La vita bugirda degli adulti non è un romanzo facile. Può sembrare tale: è una lettura veloce, facilitata dall’estrema bellezza della scrittura della Ferrante. Una scrittura così vivida e cruda, a volte violenta, tanto da mettere a nudo ogni gesto, pensiero o sentimento; a volte senza fronzoli, a volte più carica, ma mai pesante. Quindi una lettura veloce e una trama in sé abbastanza semplice. Ma la difficoltà sta anche in questo: nel raccontare il quotidiano senza cadere nei soliti cliché, nel rappresentare la difficoltà di una ragazza adolescente che non sa da che parte andare, che è priva di figure di riferimento e che cerca di non soccombere alla vita, che si abbandona alle sensazioni, che prende decisioni di pancia, che si degrada per punire i “grandi” e soprattutto se stessa.
È con noi stessi che ce la prendiamo, siamo noi stessi i primi a punire quando le cose non vanno nel modo sperato, quando si fanno difficili, quando siamo delusi dagli altri.

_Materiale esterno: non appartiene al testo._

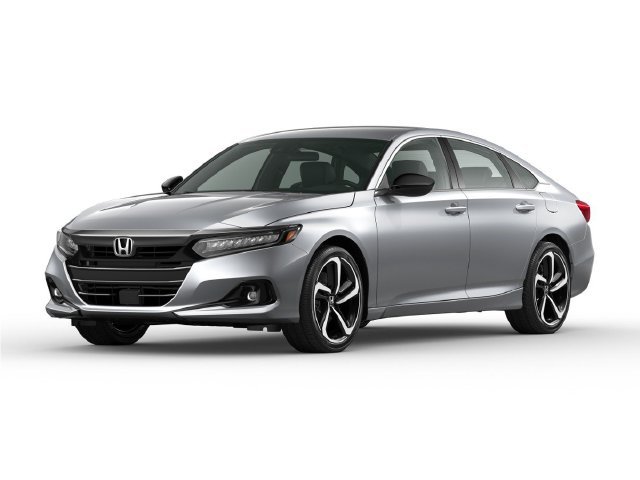 Used 2021 Blue Honda Sport image 1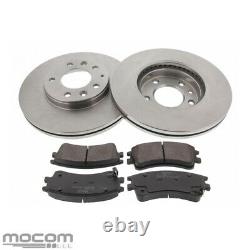 Brake Discs Ø 283 Front Pads for Mazda 6 Gy Anti Brake System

È questo che racconta la Ferrante: l’ambivalenza degli esseri umani, la difficoltà dei sentimenti, i momenti che fanno diventare grandi, non all’improvviso, ma per strappi.

Il finale del romanzo è un po’ brusco e frettoloso: Giovanna si avvia verso l’ultima (forse) tappa verso l’età adulta. Ma è sicuramente il preludio del continuo della sua storia e sinceramente non vedo l’ora di leggerla.